Hacker News new | ask | show | jobs
by drewkim 1588 days ago
You nailed it!

First guarantee is that nobody is manually going in and poking around your account details since the process you've described happens entirely programmatically.

Now, we could program our system to do things other than what's mentioned. However, we're quite disinterested in (actually, emphatically against) ruining our trust/reputation with customers (plus the general public) given our dependence on such relationships and desire to succeed as a company. All that's to say, the second guarantee is that we won't be touching such sensitive data unless given permission to do so by the user.

An example of when we might need to is if the user wants to pay their utility bill using stored payment options instead of submitting payment information. Even in this case, there won't be human eyes on this data; only our Python backend will be interacting with it.

3 comments

Take this as constructive feedback.

I don't doubt your intentions but these guarantees don't hold their weight relative to the sensitivity of the data that you will safeguard. Despite the process happening programmatically, developers will still have access to the backend where this occurs. Who has access to this backend? What's stopping any of your engineers from peeking at the database where the credentials are stored? Is this data encrypted at rest and transit? What sort of information is this process logging to either first-party and third-party services? Will the code be audited? What sort of compliance certifications are you planning to obtain?

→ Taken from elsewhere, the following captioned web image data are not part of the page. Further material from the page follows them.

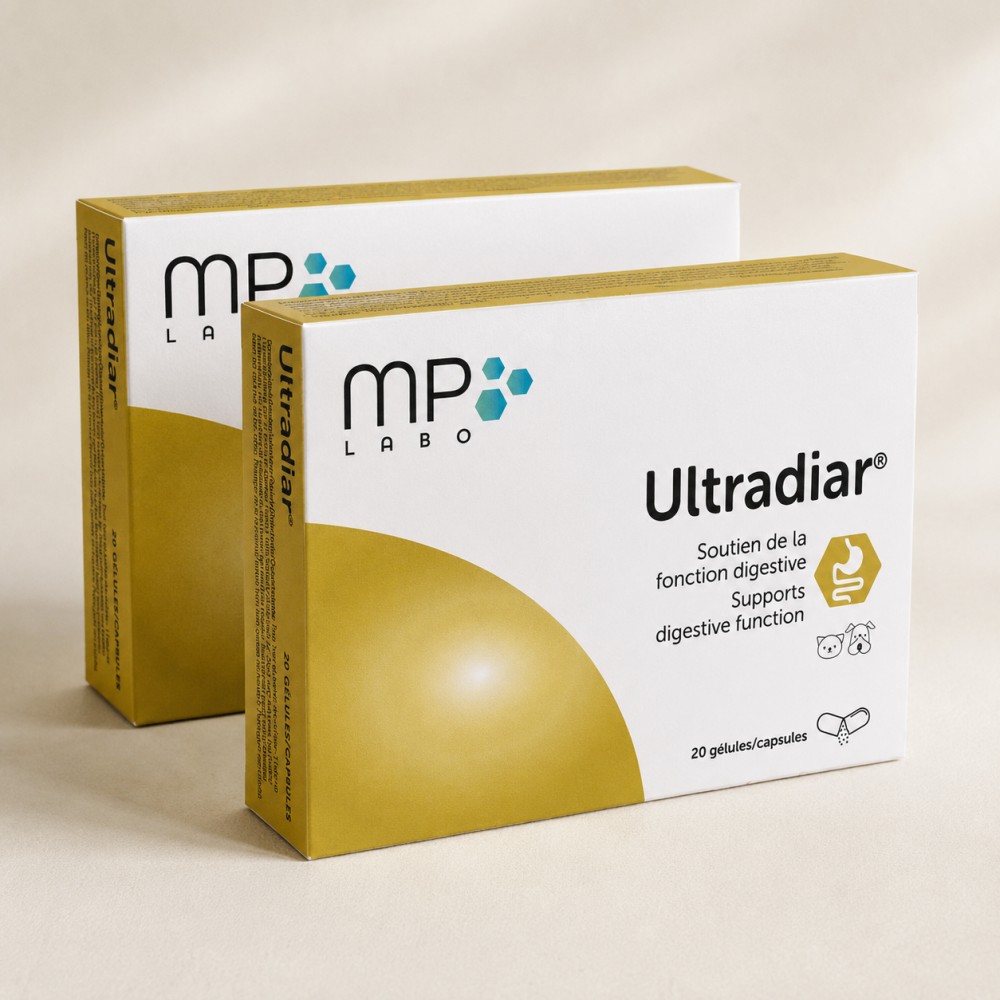 Pack de 2 Ultradiar - Soutien digestif, selles molles & gaz
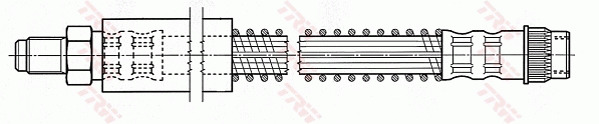 Jarruletku TRW PHB484
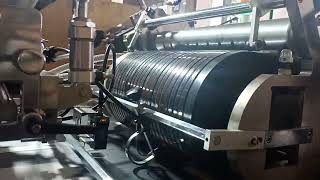 Double lane high speed window patching machine testing run before delivery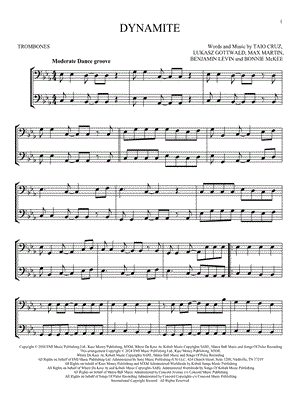 Dynamite - Trombone Duet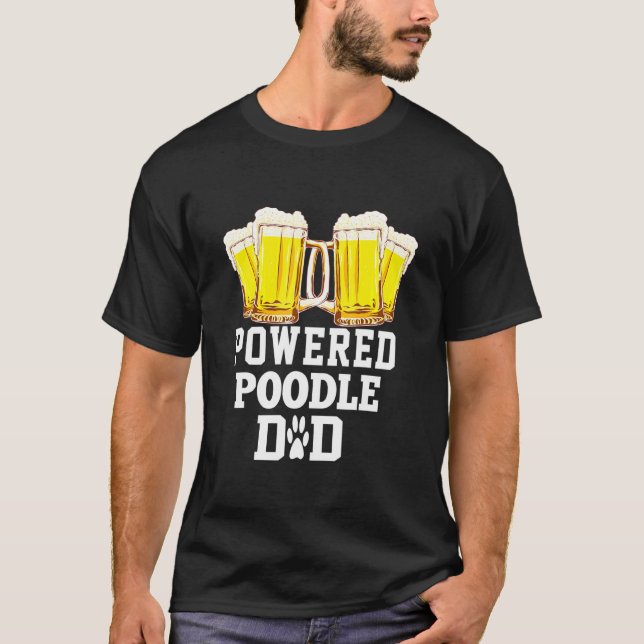 Camiseta Bebida Poodle Dad (Anverso)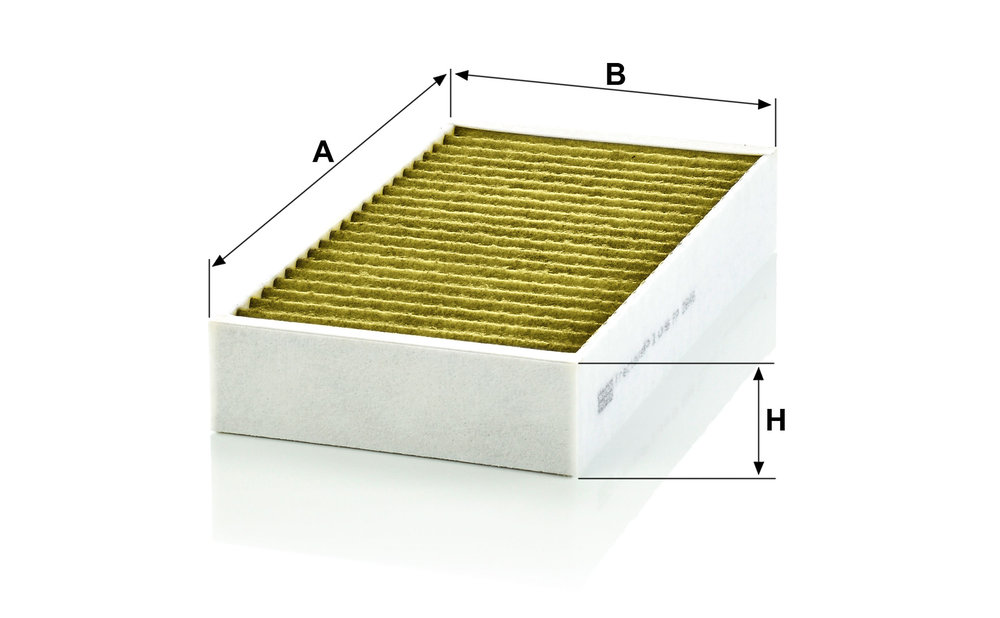 Ilustracja FP 2646-2 MANN-FILTER filtr kabinowy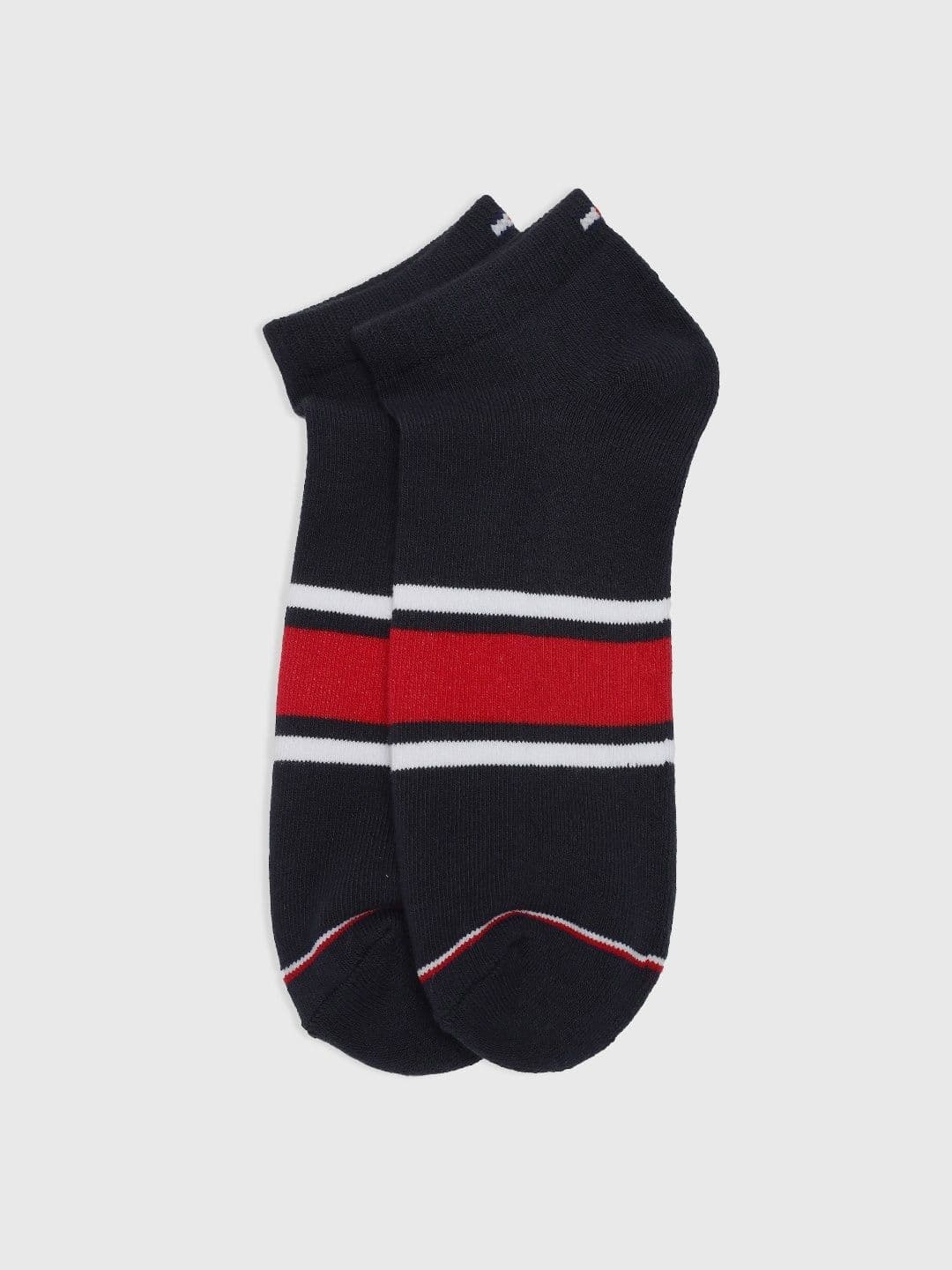 Tommy Hilfiger Pack Of 3 Colourblocked Ankle-Length Socks - view 1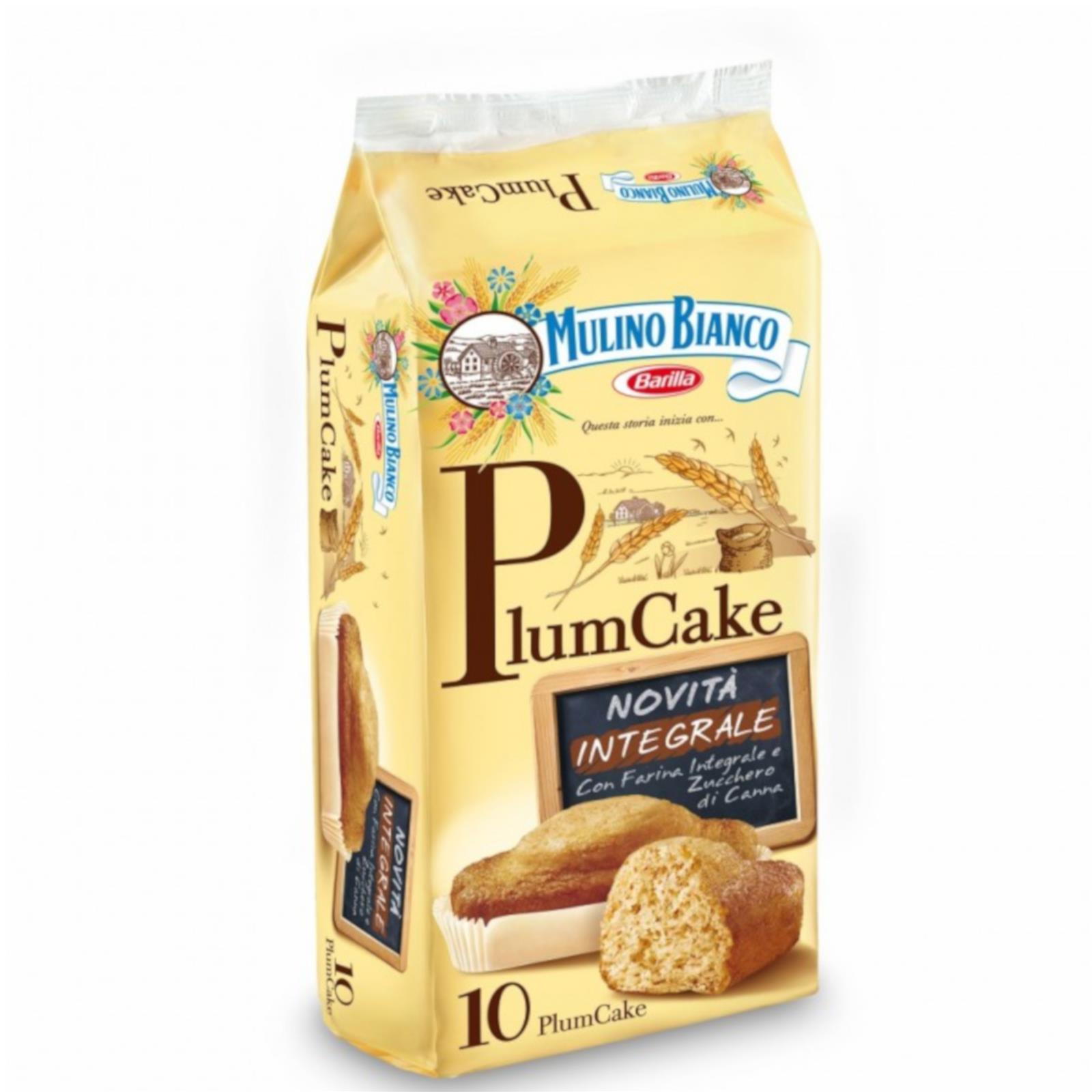 MERENDINE MULINO BIANCO PLUMCAKE INTEGRALI YOGURT 10 PZ 330 GR MERENDA BRIOCHE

Maybe you do have answers to these questions so if you do I suggest that you communicate how credentials are properly safeguarded. The guarantees that you mention in this comment don't inspire confidence as a) they can't be taken at face value b) makes me doubt you are taking the due diligence required to manage this data.

Take a look at these examples of companies supporting their claimed guarantees:

* https://1password.com/soc/

* https://plaid.com/safety/

Thanks for the feedback! To answer your questions: - Myself and my co-founder - Credentials aren't stored in plaintext and the encryption key isn't universally available; "peeking" at the db is quite difficult - Data (I'm assuming you mean credentials) is encrypted at rest and in transit - Only business logic and errors are logged: e.g. when processes are completed and why things are breaking - Yes, eventually - Definitely ISO 27701 & SOC 2, perhaps others

Our process for safeguarding credentials is mentioned further down in the thread.

I'm not sure what more guarantees we can give to inspire confidence other than statements taken at face value. We don't have the scale or resources to undergo rigorous third party auditing at the moment. On the other hand, one of the first conversations my co-founder and I had was about hiring a security engineer as soon as we could afford one; we definitely take the matter seriously. Did you have any other ideas of ways we can showcase our commitment to security/privacy other than "trust us"? I do agree it's not the best method but am unsure of alternatives.

This should be written down somewhere! I glanced through the website and I couldn't find any mention of the security/safety measures taken other than the UI screenshot where it says "securely connect your utility account".

If I were interested in purchasing this service I would want to know how much I can trust you with my credentials. Perhaps having a page or section in the docs that explain the security measures would be an improvement. There are other ideas in another comment similar to this one.

You could let the utility companies, which users already "trust" evaluate and then recommend/sign-offs on your engine? Or just have the utility embed your engine and bill them?
While I respect your current intentions, I cannot take you at your word in perpetuity because I understand the pressures that come from:

1. Running such a business as an entrepreneur.

2. Running such a system as an engineer.

As an entrepreneur, are you promising your customers clean data regardless of the source? Are you promising AI magic? Are you promising a maximum failure rate?

From an engineering standpoint, how will you deal with portals changing their frontends and breaking your scrapers at any time?

I cannot know what you will do in response to these pressures, but I do know that the temptation will exist to build a system that puts a human in the loop to manually collect data from portals, to manually evaluate scrapers, to manually sift through the data and figure out what kind of Machine Learning models you can use to make your business function more effectively.

Have you considered sending users to the website to update payment information? Or if not, do you perform the PCI auditing process for your handling of payment information through your systems?

I don’t personally need the answers to these pair of questions, but I wanted to put them on your radar if they’re not already. I trust Plaid far enough to scrape account providers for me, but I do not trust Plaid far enough to provide Plaid my payment details — even if Plaid could theoretically construct them, that’s just not the relationship I want with a data conduit provider.